On February 10th, the SEC took action to formally approve of changes proposed by the NASDAQ Stock Market, NYSE MKT LLC, and New York Stock Exchange LLC’s, to shorten the standard settlement cycle for most broker-dealer transaction from three business days (T+3) to two business days (T+2).
According to each of the releases (available here, here and here), the exchanges plan to publicly announce the effective date of the adopted rule at a later date and file a separate proposed rule change, triggering an industry-led transition to a T+2 standard settlement. The Depository Trust and Clearing Corporation, in collaboration with the Investment Company Institute, SIFMA, and other market participants, have formed an Industry Steering Group (“ISC”) and an industry working group to facilitate the transition to a T+2 settlement cycle. The ISC has identified September 5, 2017, as the target date for the transition to a T+2 settlement cycle to occur.
The proposed change appears to have been met with widespread approval, receiving only two comment letters (expressing support for the proposed change) after being published in the Federal Register in late December.

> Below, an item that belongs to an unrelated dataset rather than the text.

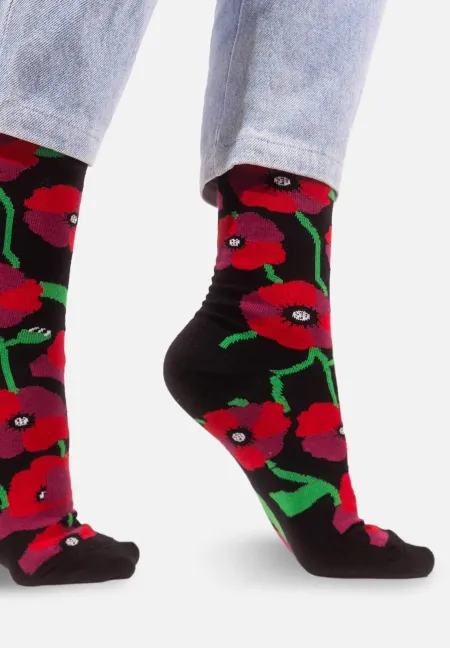 Organic cotton socks Poppy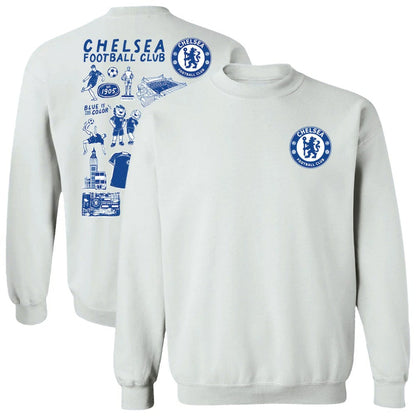 Chelsea Vive La Fete Women's Impressions Artwork Pullover Sweatshirt  on sale - White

The SEC’s adopting release does not, however, address the shortening of the T+4 settlement standard currently in place for certain firm commitment offerings under the exemption in Rule 15c6-1(c), as previously discussed in our prior posting (available here). It appears that, for now, despite contemplating such a change and soliciting for comment in the proposing release, the SEC and SROs are content to retain T+4 settlement for firm commitment offerings.